One is a bit tighter than the other, becuase someone use too much glue on the area where the coil meets the cone, but i think it will loosen up over time hopefully, but they sound pretty darn good, and I am happy, seeing as while I was in the mood, I discovered what was wrong with the old "bad" woofer, was the tensil connection to the terminal was bad, I resoldered it, and it works fine as well, SO, I am planing on building a set of project L100s, seeing as I have the woofers already.
Anyway, that was my shipping horror realized today.
 
Alexkerhead, glad to hear things worked out ok, nothing worse then somethin gettin broken cuz someone did not take the time to pack properly, or just did not know how!!!!
 
"One is a bit tighter than the other" Over at Lansing Heritage Forum (audioheritage) is a post by "Edgewound" that touches on using synthetic grease to lube tight voice coils. Do a search and check it out. Edgewound is a JBL factory authorized repair guy. The post is one of his earliest. Good show on fixing the shipping damage!
 
Packaging looks correct to me from here. I'd have predicted that the magnet/housing shifted from plain old "G"-force when a well-packed speaker is thrown around. I've had mounted woofer baskets sheer clean off from the force of slamming the box down. (Shifting the magnet would be a lot easier.)

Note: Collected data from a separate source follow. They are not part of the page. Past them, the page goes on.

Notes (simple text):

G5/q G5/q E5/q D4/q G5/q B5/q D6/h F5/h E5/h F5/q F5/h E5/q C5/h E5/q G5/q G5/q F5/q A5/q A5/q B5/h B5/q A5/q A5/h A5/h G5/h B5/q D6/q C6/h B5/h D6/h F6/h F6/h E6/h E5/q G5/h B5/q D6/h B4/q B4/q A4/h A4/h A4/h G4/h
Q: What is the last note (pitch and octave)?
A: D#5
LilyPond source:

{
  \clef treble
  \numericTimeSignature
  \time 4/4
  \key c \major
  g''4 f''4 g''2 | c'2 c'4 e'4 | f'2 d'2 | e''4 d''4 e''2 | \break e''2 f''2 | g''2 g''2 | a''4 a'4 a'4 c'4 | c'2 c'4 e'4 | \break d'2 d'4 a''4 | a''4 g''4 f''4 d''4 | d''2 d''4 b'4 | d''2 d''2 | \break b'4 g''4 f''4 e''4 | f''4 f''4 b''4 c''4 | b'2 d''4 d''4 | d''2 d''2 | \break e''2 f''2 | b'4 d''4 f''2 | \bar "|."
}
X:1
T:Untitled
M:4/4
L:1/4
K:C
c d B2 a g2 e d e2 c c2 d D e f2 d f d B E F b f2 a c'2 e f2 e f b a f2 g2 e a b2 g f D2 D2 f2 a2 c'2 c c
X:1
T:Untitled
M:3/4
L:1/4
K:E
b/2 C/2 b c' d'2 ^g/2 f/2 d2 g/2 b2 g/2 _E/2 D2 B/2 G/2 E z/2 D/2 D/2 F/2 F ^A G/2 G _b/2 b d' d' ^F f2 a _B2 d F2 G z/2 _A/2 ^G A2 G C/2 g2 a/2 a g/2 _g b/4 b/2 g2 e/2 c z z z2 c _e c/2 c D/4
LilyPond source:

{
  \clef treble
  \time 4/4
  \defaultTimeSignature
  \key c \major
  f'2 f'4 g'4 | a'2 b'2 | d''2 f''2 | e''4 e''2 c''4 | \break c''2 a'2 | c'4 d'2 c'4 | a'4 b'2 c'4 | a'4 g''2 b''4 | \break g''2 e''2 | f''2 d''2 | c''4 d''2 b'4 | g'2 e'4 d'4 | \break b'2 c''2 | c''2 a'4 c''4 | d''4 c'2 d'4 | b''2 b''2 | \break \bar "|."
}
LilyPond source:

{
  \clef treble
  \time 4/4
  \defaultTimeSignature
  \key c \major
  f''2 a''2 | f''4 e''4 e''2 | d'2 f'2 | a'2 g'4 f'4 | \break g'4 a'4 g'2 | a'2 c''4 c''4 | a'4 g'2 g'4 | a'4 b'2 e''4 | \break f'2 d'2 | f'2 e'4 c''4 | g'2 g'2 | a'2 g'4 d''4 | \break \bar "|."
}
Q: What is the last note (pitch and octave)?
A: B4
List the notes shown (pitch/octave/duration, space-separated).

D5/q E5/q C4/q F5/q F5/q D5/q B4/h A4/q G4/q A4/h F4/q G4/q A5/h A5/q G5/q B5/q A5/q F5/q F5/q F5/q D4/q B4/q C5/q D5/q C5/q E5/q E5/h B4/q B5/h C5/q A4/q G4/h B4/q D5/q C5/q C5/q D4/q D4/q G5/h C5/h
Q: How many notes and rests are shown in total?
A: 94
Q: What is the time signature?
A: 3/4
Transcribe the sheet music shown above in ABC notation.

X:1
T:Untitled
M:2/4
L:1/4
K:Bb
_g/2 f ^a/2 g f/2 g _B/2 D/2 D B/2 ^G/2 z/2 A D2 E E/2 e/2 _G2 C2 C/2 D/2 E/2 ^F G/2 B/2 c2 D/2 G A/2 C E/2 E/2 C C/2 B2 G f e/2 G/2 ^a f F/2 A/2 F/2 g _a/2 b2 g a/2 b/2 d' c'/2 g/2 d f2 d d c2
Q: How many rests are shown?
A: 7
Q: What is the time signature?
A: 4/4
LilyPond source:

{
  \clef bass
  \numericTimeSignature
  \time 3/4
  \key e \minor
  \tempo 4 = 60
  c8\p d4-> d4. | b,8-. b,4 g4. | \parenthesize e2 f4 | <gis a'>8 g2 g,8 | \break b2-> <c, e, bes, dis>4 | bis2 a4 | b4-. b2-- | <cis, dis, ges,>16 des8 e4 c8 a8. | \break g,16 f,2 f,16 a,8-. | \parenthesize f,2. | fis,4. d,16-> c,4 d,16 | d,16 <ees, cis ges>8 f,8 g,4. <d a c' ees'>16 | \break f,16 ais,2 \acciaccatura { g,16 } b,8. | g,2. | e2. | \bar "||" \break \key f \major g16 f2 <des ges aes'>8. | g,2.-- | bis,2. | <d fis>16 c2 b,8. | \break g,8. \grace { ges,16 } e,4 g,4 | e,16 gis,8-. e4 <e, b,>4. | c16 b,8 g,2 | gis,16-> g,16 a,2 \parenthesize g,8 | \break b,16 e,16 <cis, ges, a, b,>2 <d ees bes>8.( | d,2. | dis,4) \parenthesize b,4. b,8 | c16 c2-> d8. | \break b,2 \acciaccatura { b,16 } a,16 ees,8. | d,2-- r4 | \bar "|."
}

If you get a speaker you really care about and a capable seller, I'd say remove the drivers other than tweeters, and pack them seperately. I'm not sure how anyone can be expected to do a lot more than shown above. -sf
 
syd, the issue was that the acking was completely inadequite.
The bottom foam was cocked up on the other side, pushing on the cone very very hard, that is what messed up the coils, and I scrapped them when I tested them, and had to fix em.
To correctly pack any large drivers, a crate should be ,made with a 1/4" peice f mounting board on top, and cut the hole out, and screw the sub in, and have a suport board under it, and a board on top. to protech the cone, that way, there is no way the shipping company can mess it up.
I know it is a lot of trouble, but $175 is a lot for these wofers.
If I shipped a speaker, I would do it the way I described.

Thanks for the kind words shelby.

Rek, thanks for the advice and compliment, i'll check it out.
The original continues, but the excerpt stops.